[PATCH RFC] repo: add an ability to hide nodes in an appropriate way

Thu Mar 30 10:15:08 EDT 2017

On 03/27/2017 07:24 PM, Augie Fackler wrote:
> On Mon, Mar 27, 2017 at 10:27:33AM +0200, Pierre-Yves David wrote:
>>
>>
>> On 03/27/2017 12:32 AM, Kostia Balytskyi wrote:
>>> # HG changeset patch
>>> # User Kostia Balytskyi <ikostia at fb.com>
>>> # Date 1490567500 25200
>>> #      Sun Mar 26 15:31:40 2017 -0700
>>> # Node ID 43cd56f38c1ca2ad1920ed6804e1a90a5e263c0d
>>> # Parent  c60091fa1426892552dd6c0dd4b9c49e3c3da045
>>> repo: add an ability to hide nodes in an appropriate way
>>>
>>> Potentially frequent usecase is to hide nodes in the most appropriate
>>> for current repo configuration way. Examples of things which use this
>>> are rebase (strip or obsolete old nodes), shelve (strip of obsolete
>>> temporary nodes) and probably others.
>>> Jun Wu had an idea of having one place in core where this functionality
>>> is implemented so that others can utilize it. This patch
>>> implements this idea.
>>
>> I do not think this is a step in the right direction, creating obsolescence
>> marker is not just about hiding changeset.
>
> But we're using them for that today, all over the place.

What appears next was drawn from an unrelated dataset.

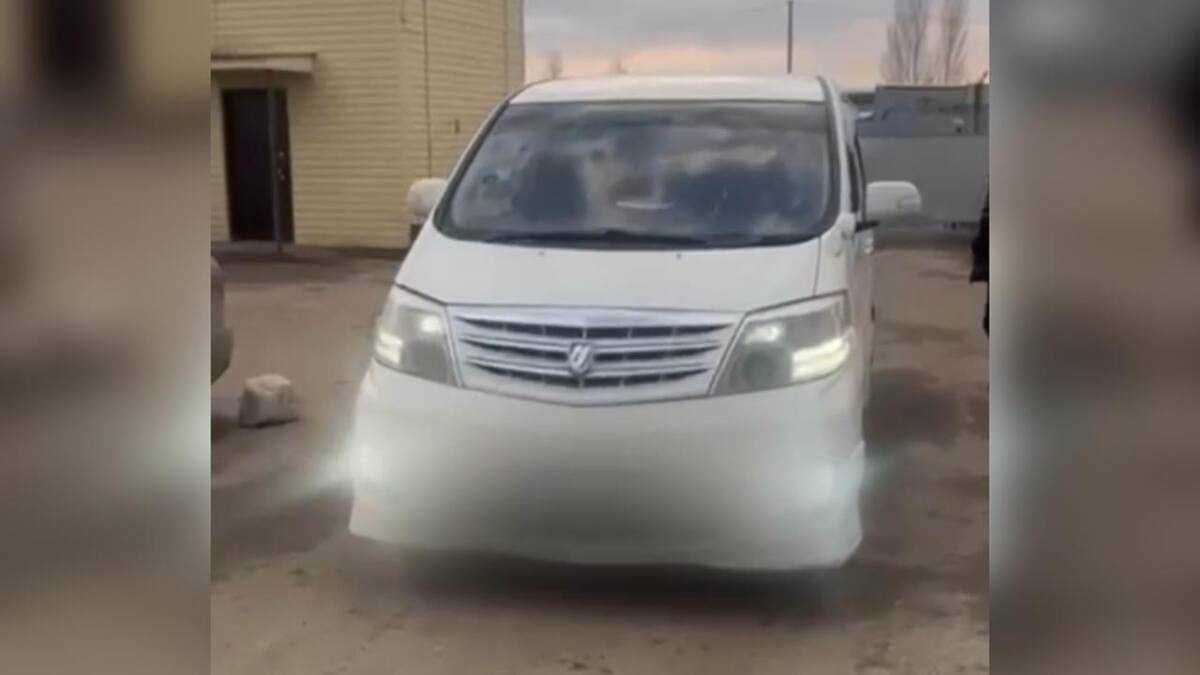 Лихач с десятками нарушений перевозил людей в Актюбинской области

Actually, we do not use it all over the place. Current markers usages in 
core are:

amend:
  - record evolution history
  - prune the temporary amend commit
   (that I would rather see disappear all together)

rebase:
  - record evolution history on successful completion

histedit:
  - record evolution history on successful completion
  - prune temporary nodes on successsful completion
    (This ones used to be stripped even with evolution)

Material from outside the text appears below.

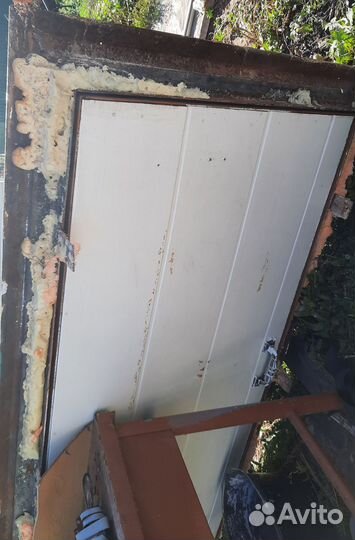 Дверь входная металлическая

(let us talk about shelve later)

So they are mainly used to record evolution history on successful 
operation (their intended usage) between "real-changesets". This is the 
intended usage of obsolescence markers.

In addition, they are also used in a couple of place to hide temporary 
changesets (in the "utility-space") after an operation succeeed.
This a bit an unorthodox uses of the obsolescence markers, but is "okay" 
to use them in these case because we know:
  1) this is utility-space so user never interact with them.
  2) we only create them for completed successful operation so we'll 
never need them ever again.
Strictly speaking we could just strip these temporary commits (and we 
have done so in the past) and this will not change anything for the 
user. Any other hiding mechanism aimed at "internal temporary" commit 
would do the job just fine. The internal commit never needs (and 
actually should ever) to leave the user repository.
In practice, we could use in memory commit for most of these temporary 
commit  (if not all) and never have to deal with hiding them.

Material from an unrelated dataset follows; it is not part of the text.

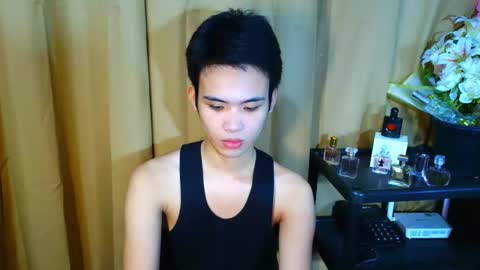 urasiancumboix2 online show from November 12, 6:30 pm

> We're also having pretty productive (I think!) discussions about non-obsmarker
> based mechanisms for hiding things that are implementation details of
> a sort (amend changesets that get folded immediately, shelve changes,
> etc).

(Let me be at be long to try to be clear and comprehensive)

I can see three categories of things we want to hide:

:obsolete changeset (evolution semantic):

   A rewrite operation has created/recorded a new version of this 
changesets. that old version no longer needs to be shown to users (if 
possible). There is a strong semantic associated with such changesets 
and the property will be propagated to other repositories

:temporary/internal changesets:

   Such changesets are created as a side effect of other operation 
(amend, histedit, etc). They have the following properties (once we are 
done using them)

   * They are irrelevant to the users,
   * We should never-ever base anything on them,
   * We should never-ever access them ever again,
   * They should never-ever leave the repository.
   * They never stop being internal-changesets

:locally-hidden changeset:

   An hypothetically (not used) yet local-only hidden mechanism (similar 
to strip but without actual repo stripping). This could be used for 
local hiding/masking of changeset in the "real-changeset" space. Such 
data would not be exchanged. Commit reappears when "recreated" or re-pulled.

---

To take practical examples:

:amend:
   - amend source: "obsolete-changeset"
   - temporary changeset: "internal-changeset"

:rebase:
   - rebase source, on success: "obsolete-changeset"
   - rebase result, on abort:  "local-hiding"

:histedit:
   - histedit source, on success:         "obsolete-changeset"
   - histedit temporary node, on success: "internal-changeset"
   - histedit result, on abort:           "local-hiding"
   - histedit temporary node, on abort:   "local-hiding (internal-node)"

extra notes:
  * If local hiding (strip) would take care of obsolescence marker, 
rebase and histedit could create them "as they go" instead of to the 
end: "on success".
  * In rebase --abort and histedit --abort, strip is used on freshly 
created changesets, so its performance impact is limited
  * we use "local hiding" (strip) on temporary nodes on histedit abort 
because we needs to be able to reuse them if histedit is rerun. So we 
cannot throw them in oblivion just yet.

---

regarding implementations

"obsolete-changesets": we already have a solid mechanism for that.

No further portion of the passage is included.